Posted in family life

2017

2017 is coming to a close.

We started out with postpartum depression and RSV; we’re ending with all three kids sick with the flu! (Well, to be more accurate, they were sick over Christmas and are mostly better now.) In between we fit more into one year than I would have thought possible, with therapies, medications, travel, moving into a new home, dipping our toes into the world of special needs education, and beginning a new round of transitions with my husband graduating and finding a job (which will start shortly after the New Year).
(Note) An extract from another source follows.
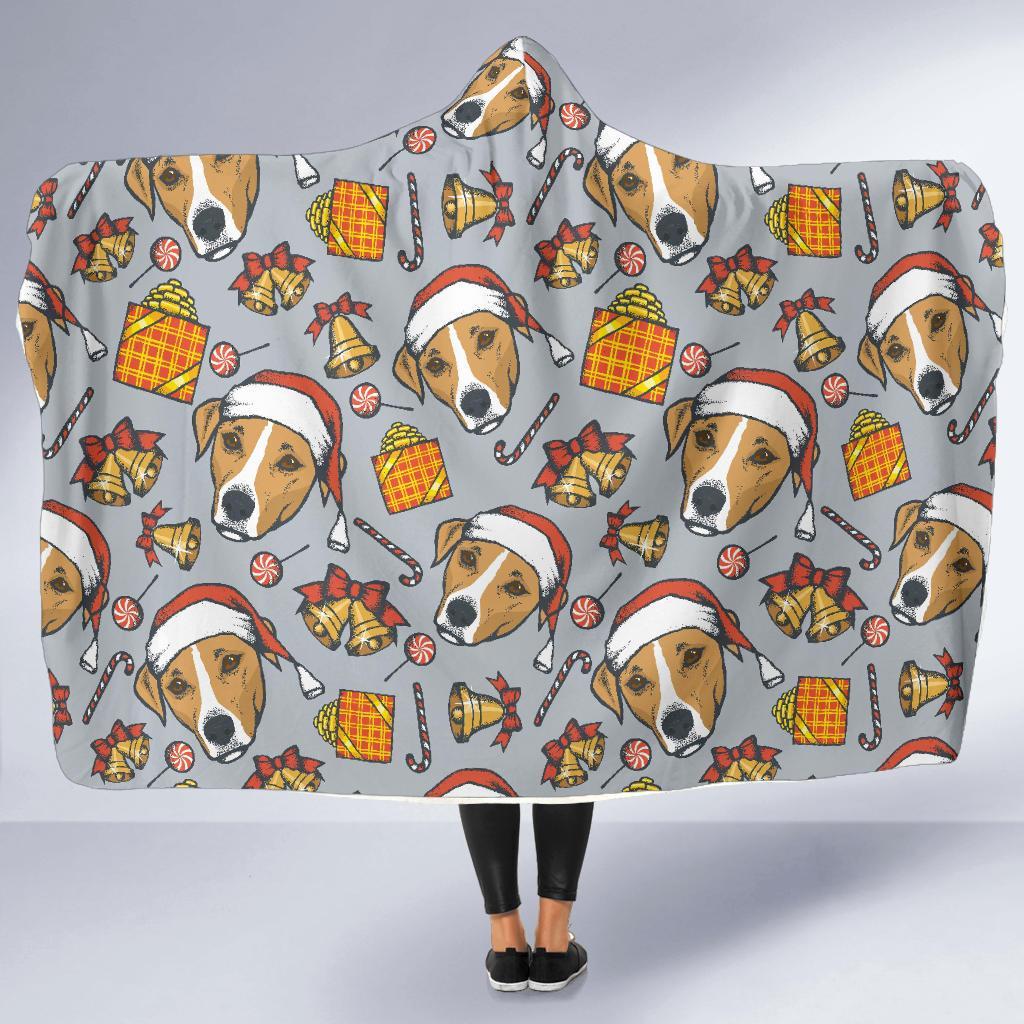 Jack Russell Dog Christmas Pattern Print Hooded Blanket-grizzshop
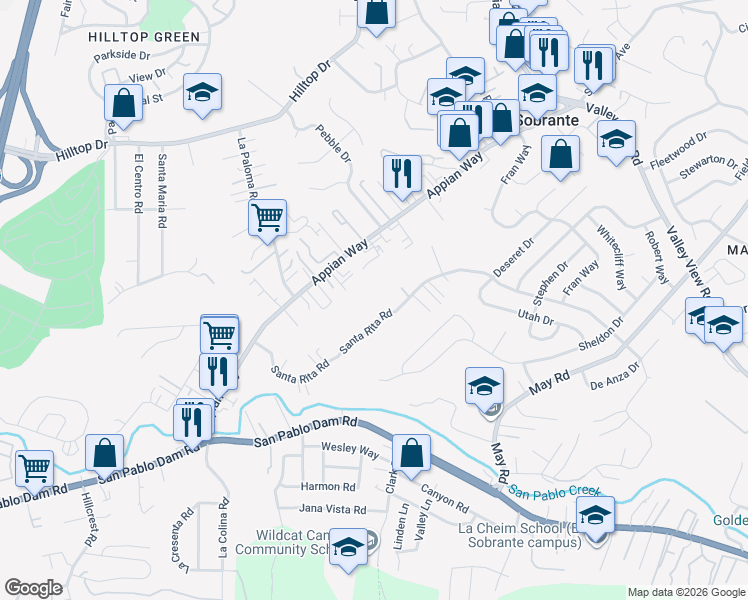map of restaurants, bars, coffee shops, grocery stores, and more near 4277 Santa Rita Road in El Sobrante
And I have learned so much this year, including about things that I thought I already understood but was able to look at from personal experience or through the new and edifying perspective of someone else’s experience or research. I acknowledged my anxiety as an obstacle in my path rather than a personal failing, thereby removing the associated guilt and shame and allowing myself to move forward; I began to make space for myself and the people I love to be different, express their differences, and be loved for who they are with those differences; I learned when to stand up for myself and when to disengage, and that both are ok given the circumstances as well as my own mental state; and I found the courage to make uncommon decisions for uncommon reasons without becoming defensive or belittling the choices I turned down. At least, those are the seeds of change that are beginning to germinate within me as a result of this year – I think I could spend a lifetime watching them grow!

This was also a year of good reading. What began as a way to cope with my depression when almost nothing else could distract my mind from the darkness turned into a re-ignition of my lifelong compulsive love of books and a chance to discover new characters, adventures, worlds, and authors. For the first time since childhood I kept a book log for myself, which was a massively encouraging endeavor in and of itself, and managed to read and record 84 previously-unread-by-me books since I started tracking mid-January! I think the books deserve their own post so I will say no more here – but it was a major part of my year and a consistent source of pleasure and refreshment as well as an escape from my own head.

And of course this was the year of Aubade, since she just barely made an appearance in 2016 but has by now infiltrated herself into every thread of the warp and weave of our lives. Through her, the boys have gained independence and learned compassion and gentleness. She has stolen our sleep but given us laughter. She is a confident baby princess, secure in her belief that whatever she wants, she should have, and she will get it for herself if no one will get it for her! She is a fearless baby explorer, certain that she can do whatever she sets her mind to do, and that around every corner (or behind every door, or on top of every high place) there is something new and exciting to discover. She is a bestower of hugs and a jealous claimant to her mommy’s lap. She is a passionate lover of showers (or pools, or baths, or splash pads), peek-a-boo, mud on her fingers, the thrill of the climb, the loudness of blenders and vacuums, snuggles with the people she loves, and singing or playing music. I can hardly believe she has only been in our lives for a year, because life without her would seem so empty.

Overall, it was a year of crashing lows, dark valleys to endure, and steep mountains to climb (my saint for the year was St. Jude, patron of hopeless causes, and it certainly seemed fitting when I was in the depths of the depression) – but it was also a year of soaring highs, transcendent mountain views, and glorious sunrises. A more stable and mundane year would certainly have been easier, but I am thankful for the things that happened and the way they shaped the person I am now. And now, let the adventures of 2018 begin!